##### Recorded data

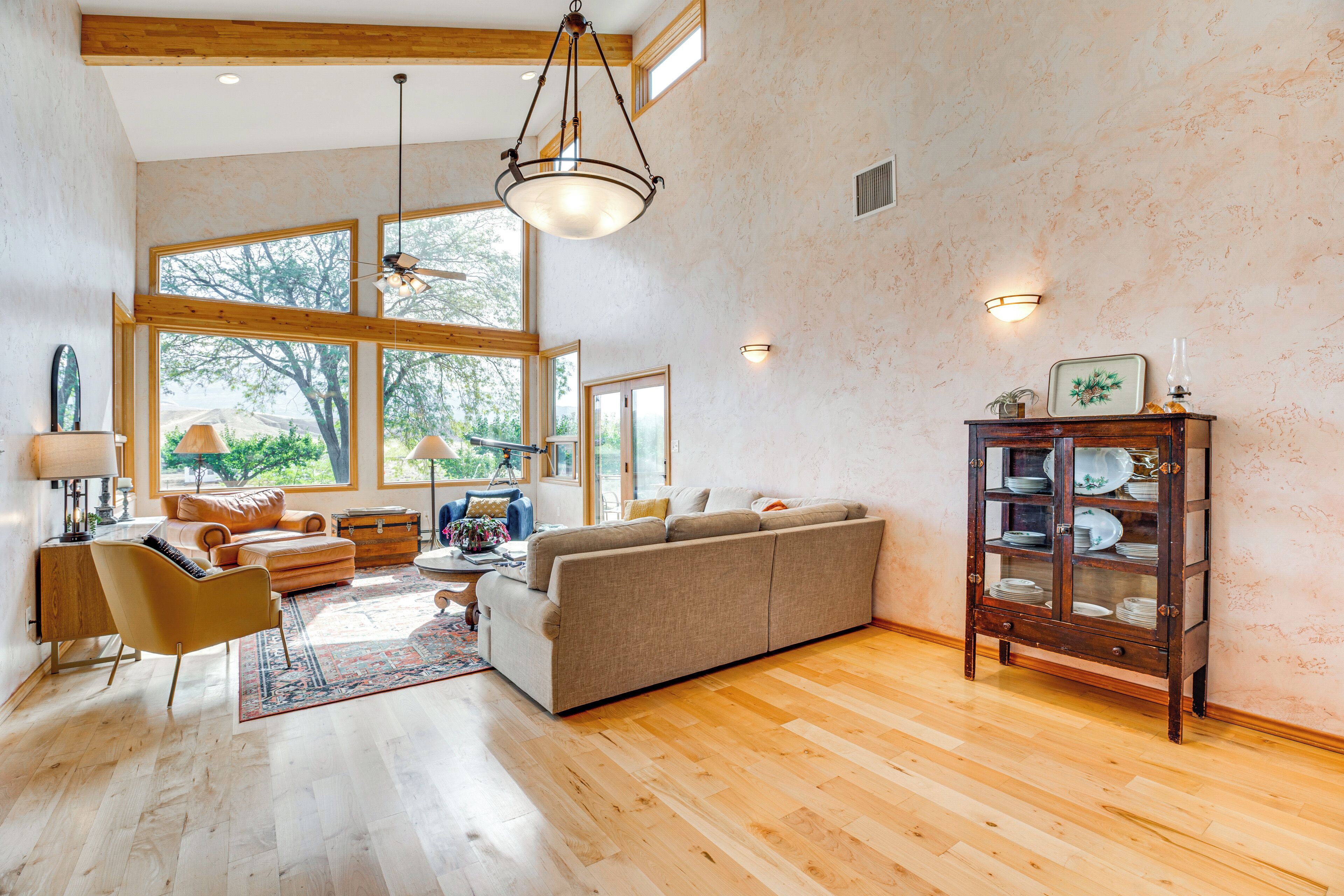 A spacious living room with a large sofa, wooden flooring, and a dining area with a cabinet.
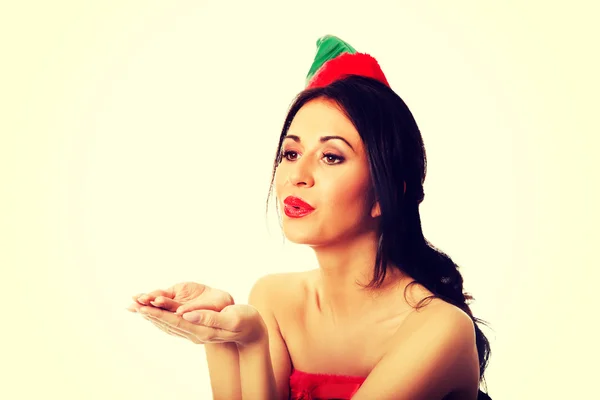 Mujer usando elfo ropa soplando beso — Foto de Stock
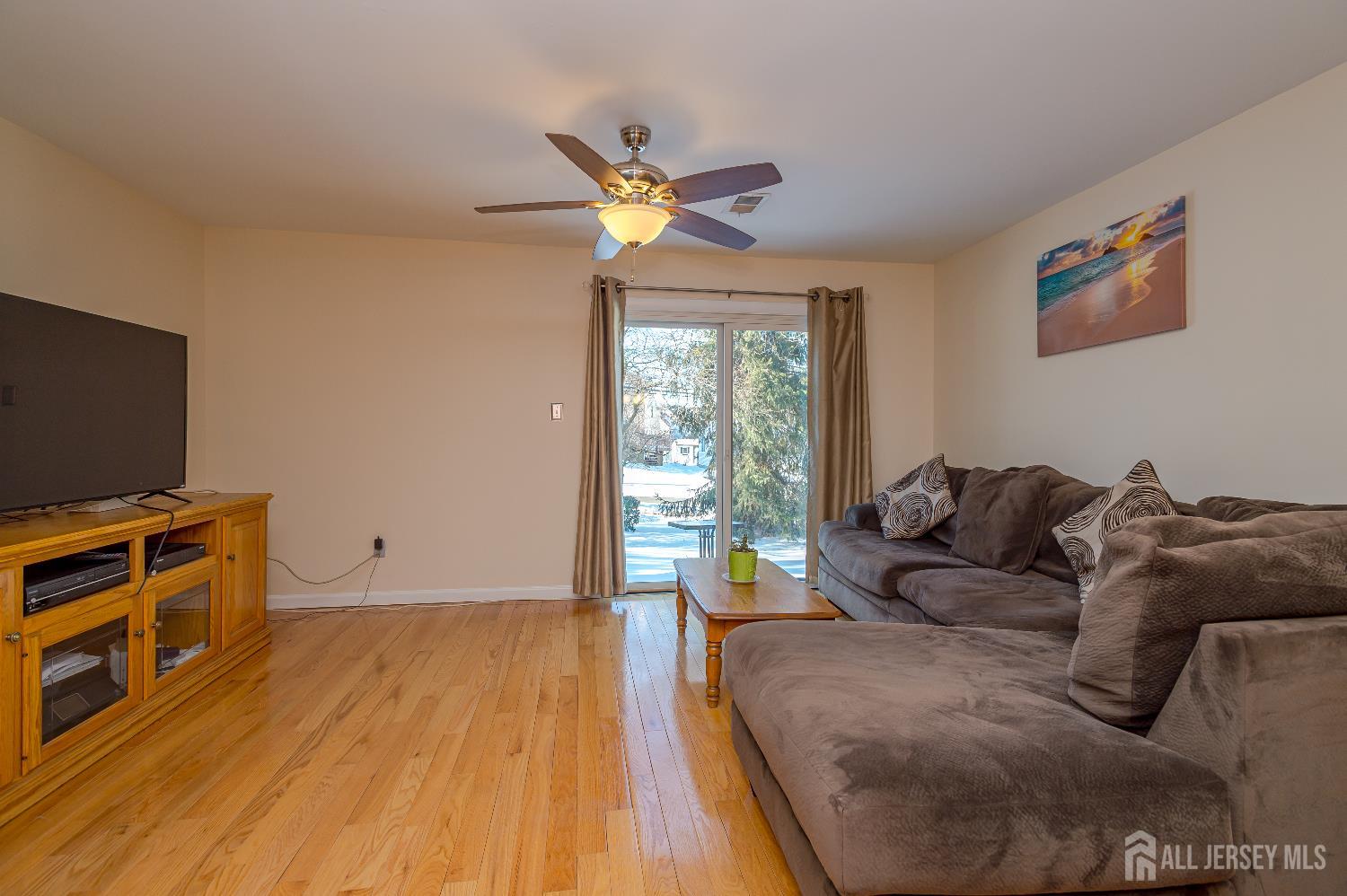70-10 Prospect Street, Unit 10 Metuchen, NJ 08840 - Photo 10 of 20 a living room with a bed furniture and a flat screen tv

##########

__Work order__: Copy the line showing "Mujer usando elfo" exactly, along with each line after it through the end of the material above. Pictures stay out.

__Answer for the task__:
 Mujer usando elfo ropa soplando beso — Foto de Stock
70-10 Prospect Street, Unit 10 Metuchen, NJ 08840 - Photo 10 of 20 a living room with a bed furniture and a flat screen tv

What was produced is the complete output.